Saturday, October 5, 2024
30 C
Brunei Town

Latest

Prince Harry a no-show on court showdown with British tabloid publisher

LONDON (AP) – Prince Harry’s phone hacking trial against the publisher of the Daily Mirror kicked off without him present in court – and the judge was not happy.

Harry’s lawyer said the Duke of Sussex would be unavailable to testify after opening statements because he’d taken a flight from Los Angeles, United States (US) on Sunday after the birthday of his two-year-old daughter, Lilibet.

“I’m a little surprised,” Justice Timothy Fancourt said, noting he had directed Harry to be in court for the first day of his case.

Mirror Group Newspaper’s lawyer Andrew Green, said he was “deeply troubled” by Harry’s absence on the trial’s opening day.

Harry was scheduled to testify today, but his lawyer was told last week the duke should attend yesterday’s proceedings in London’s High Court in case the opening statements concluded before the end of the day.
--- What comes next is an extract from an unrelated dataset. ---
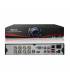 HD-LINE Enregistreur DVR 8 sorties Hybride AHD et IP - H.264 Vidéosurveillance caméras AHD 960P et IP 1080P 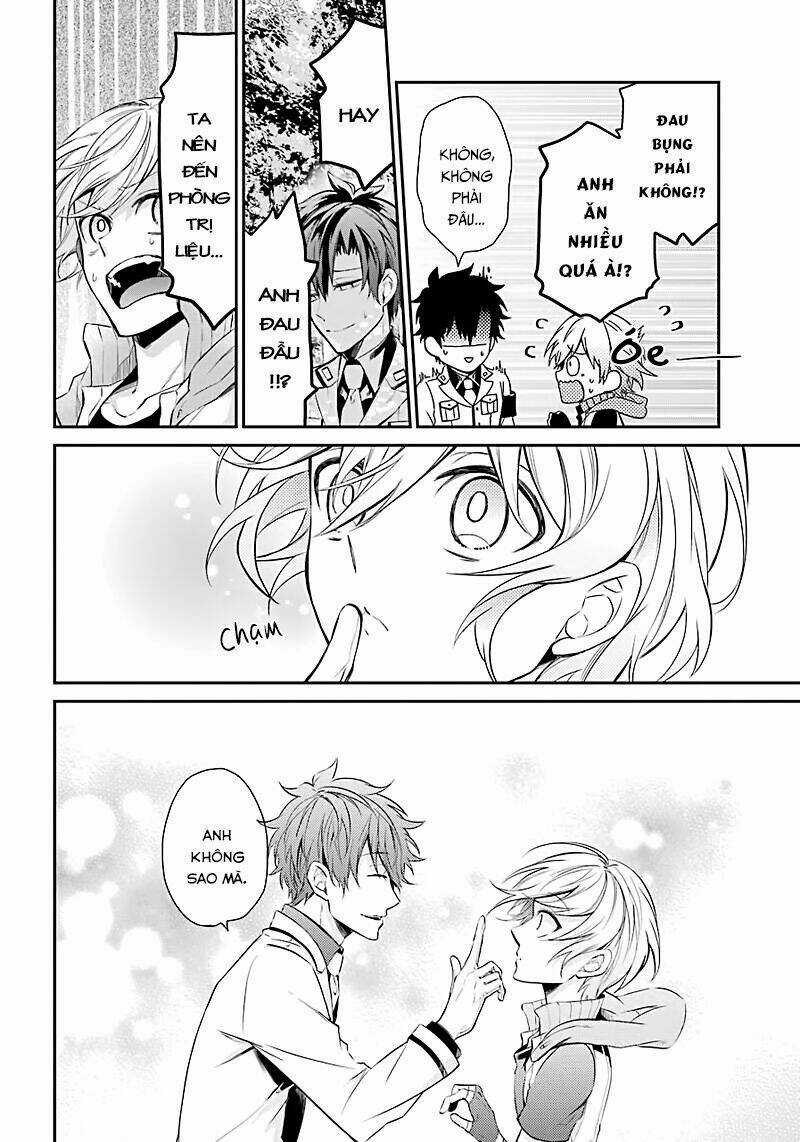 Con Đường Súng Đạn Chapter 62 trang 29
File photo of Duke and Duchess of Sussex Prince Harry and Meghan Markle. PHOTO: AP

The case against the publisher of the Daily Mirror is the first of the prince’s several lawsuits against the media to go to trial, and one of three alleging tabloid publishers unlawfully snooped on him in their cutthroat competition for scoops on the royal family.

Harry, 38, will be the first member of the British royal family in more than a century to testify in court. He is expected to describe his anguish and anger over being hounded by the media throughout his life, and its impact on those around him.

He has blamed paparazzi for causing the car crash that killed his mother Princess Diana, and said harassment and intrusion by the United Kingdom (UK) press, including allegedly racist articles, led him and his wife, Meghan, to flee to the US in 2020 and leave royal life behind.

The articles at issue in the trial date back to his 12th birthday, in 1996, when the Mirror reported Harry was feeling “badly” about the divorce of his mother and father, now King Charles III.

Harry said in court documents that ongoing tabloid reports made him wonder whom he could trust as he feared friends and associates were betraying him by leaking information to the newspapers. His circle of friends grew smaller, and he suffered “huge bouts of depression and paranoia.” Relationships fell apart as the women in his life – and even their family members – were “dragged into the chaos.”

He said he later discovered that the source wasn’t disloyal friends but aggressive journalists and the private investigators they hired to eavesdrop on voicemails and track him to locations as remote as Argentina and an island off Mozambique.

Mirror Group Newspapers said it didn’t hack Harry’s phone and its articles were based on legitimate reporting techniques. The publisher admitted and apologised for hiring a private eye to dig up dirt on one of Harry’s nights out at a restaurant.

Phone hacking to listen in on celebrities’ cell phone voice messages was widespread at British tabloids in the early years of this century.